* **Data records**:
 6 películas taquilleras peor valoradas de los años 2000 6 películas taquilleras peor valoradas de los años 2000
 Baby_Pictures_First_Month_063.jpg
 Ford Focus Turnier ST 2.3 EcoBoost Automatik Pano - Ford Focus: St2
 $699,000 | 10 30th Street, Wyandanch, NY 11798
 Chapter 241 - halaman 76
...
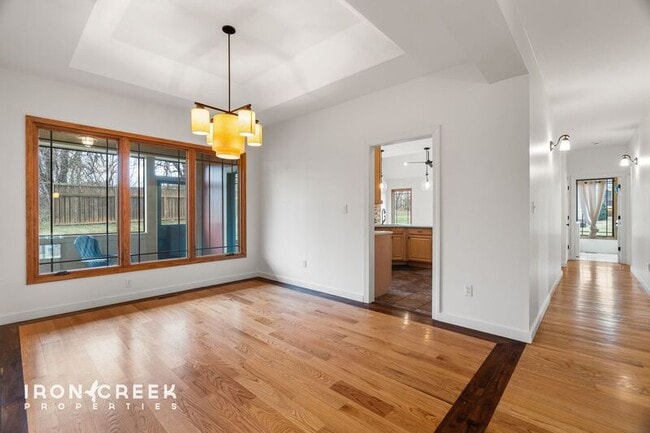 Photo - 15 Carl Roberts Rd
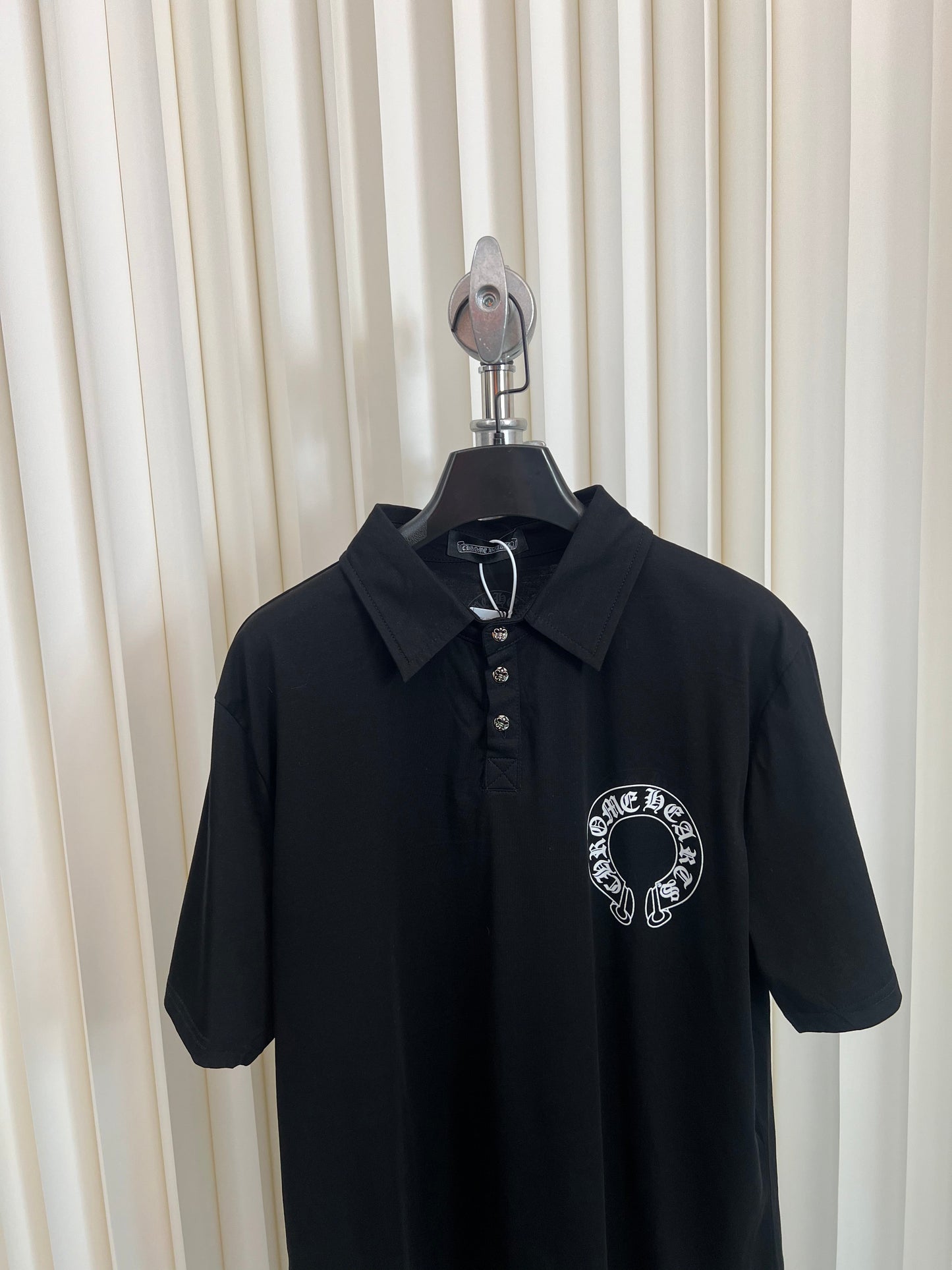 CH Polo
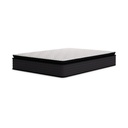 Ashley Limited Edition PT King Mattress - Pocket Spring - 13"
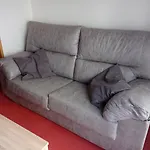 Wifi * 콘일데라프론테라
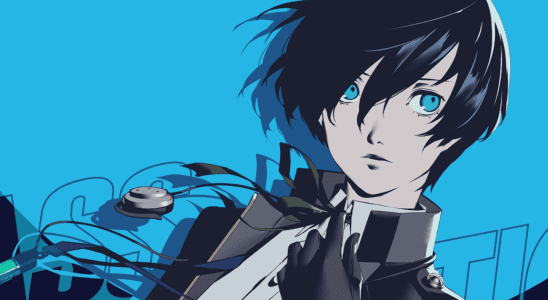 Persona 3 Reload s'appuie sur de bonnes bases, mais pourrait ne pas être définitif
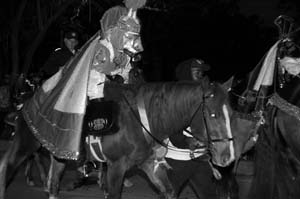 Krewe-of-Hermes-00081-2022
---
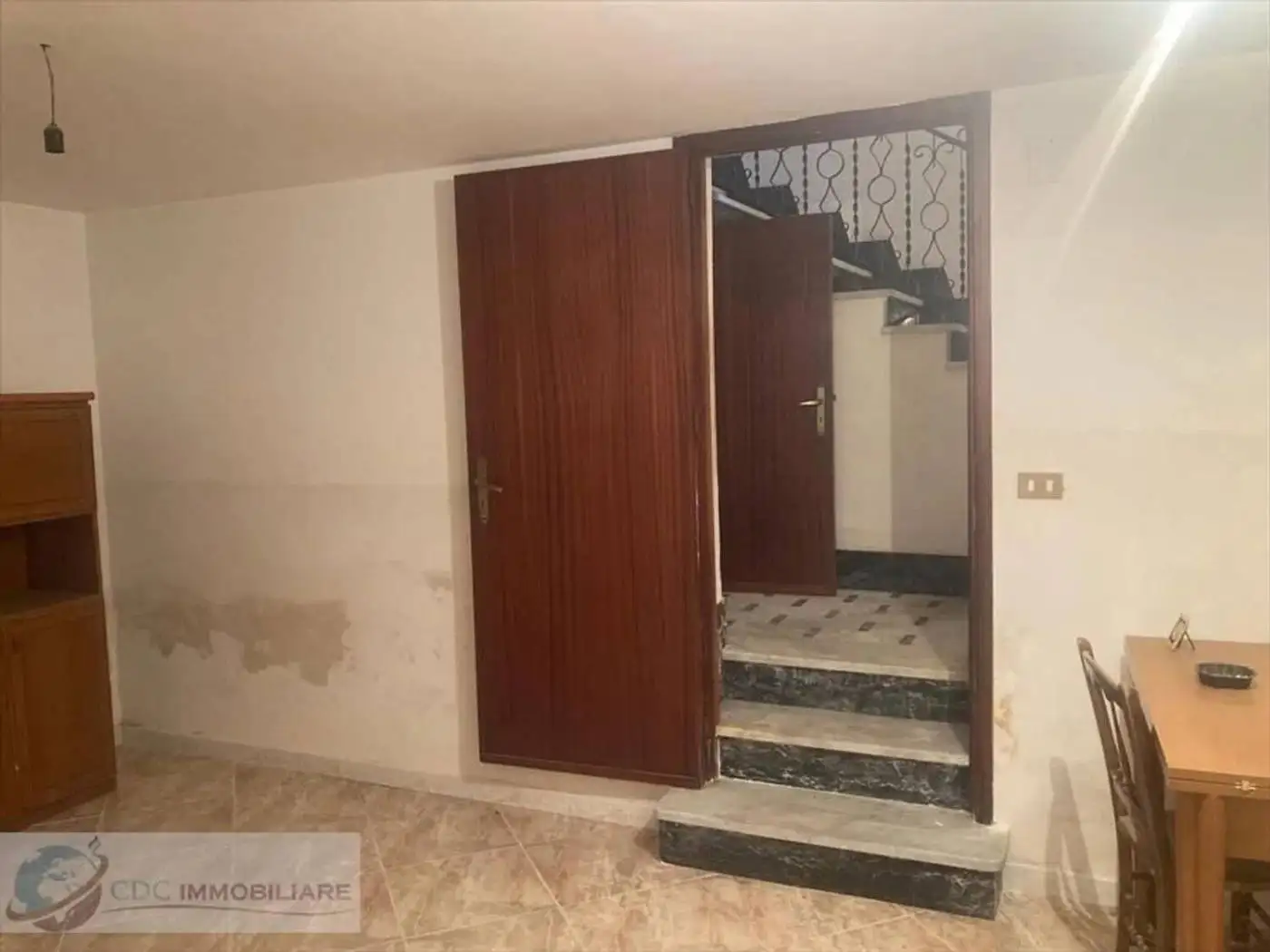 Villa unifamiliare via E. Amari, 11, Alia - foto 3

* **What you have to do**:
Taking the entries above, extract every line from the one bearing "Ashley Limited Edition" through the one bearing "Krewe-of-Hermes-00081-2022", exactly, with no pictures.

* **Response**:
 Ashley Limited Edition PT King Mattress - Pocket Spring - 13"
 Wifi * 콘일데라프론테라
 Persona 3 Reload s'appuie sur de bonnes bases, mais pourrait ne pas être définitif
 Krewe-of-Hermes-00081-2022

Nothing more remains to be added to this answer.